When you think about things like courage, kindness, creativity, persistence, resilience, and responsibility—some of the things that make up your character—it’s pretty easy to imagine you’re like the person you heard about who saved someone from the subway tracks and think you’d do the same! But would you? Would you really? Unless you’ve been put to the test, you might not know.

It’s hard to know your character. It’s also hard to change it. Doing one brave thing doesn’t necessarily make you courageous, just like doing one kind thing doesn’t necessarily make you a kind person.
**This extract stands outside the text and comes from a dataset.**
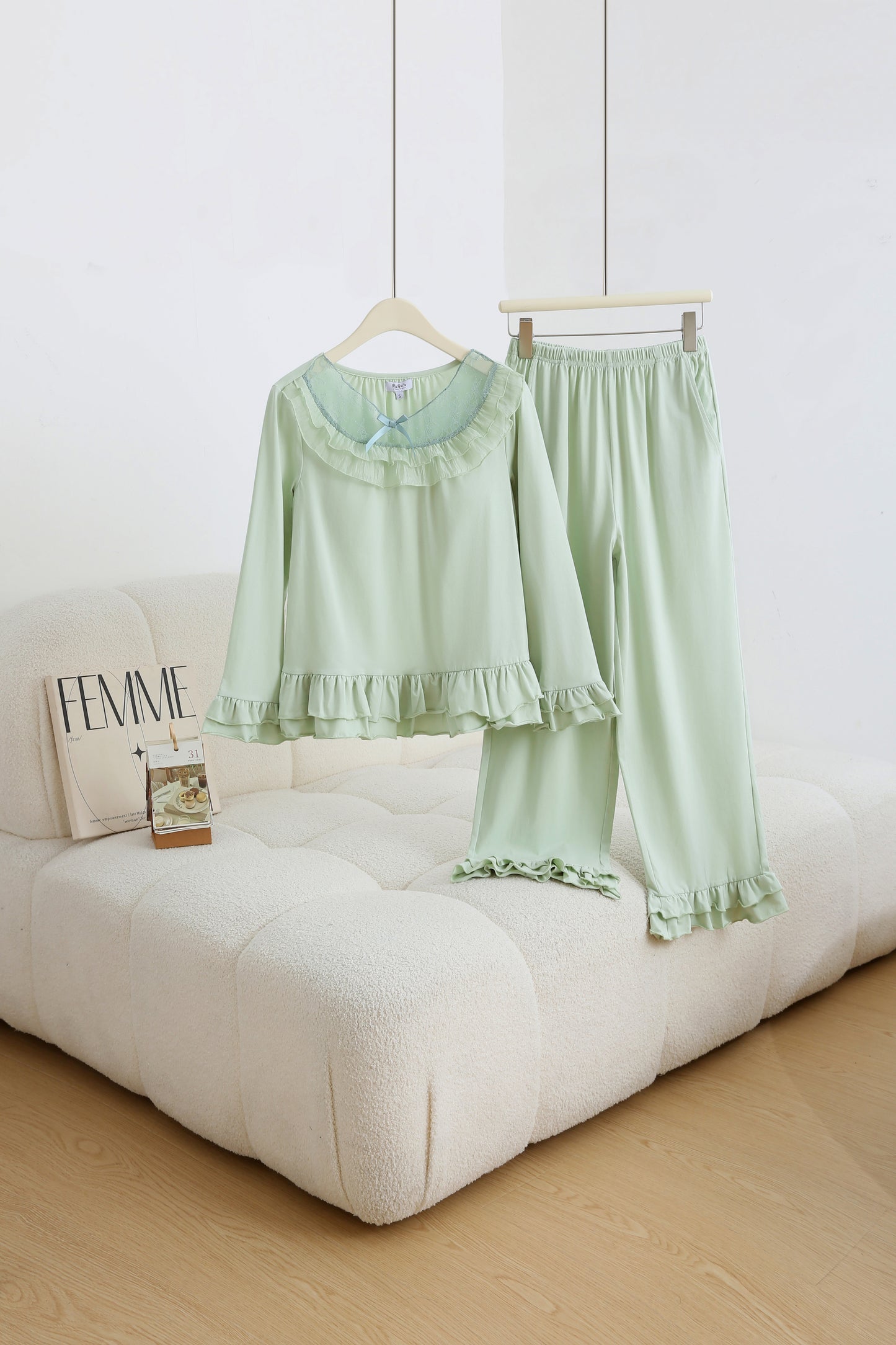 Lace 2-Piece Lounge Set – Soft Elegance & Everyday Comfort at Home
The opposite is true, too: Just because you came home from soccer practice one afternoon and said something mean to your little brother or sister doesn’t make you a spineless jellyfish toad who should start sleeping in the garage to protect humanity from your evil.

Character is not necessarily something you learn with your head—it’s something you feel with your heart. You can try studying it like you study for a math test, but that’s about as good as trying to eat peas with a knife. Being able to define character isn’t the same thing as having it.

If you really want to know and grow character, you have to experience it. You have to see it in action. You have to sit with character until it finds its way into your head and your heart. This book is a good start. But even at its best, it’s just a start. When the bell rings or you close this book for the night, that’s when character really starts. That’s when you have the chance to actually be one of the young people from these pages.

It doesn’t take a million dollars or a superpower to have character. It just takes a choice—the choice to be conscious of your choices. The choice to do the best you can do in your imperfect skin with your imperfect brain in an imperfect world. In some ways, it’s the choice to matter. And in some ways, it’s the choice to let other people matter more. These choices, over the course of your life, make up your character. These choices start today.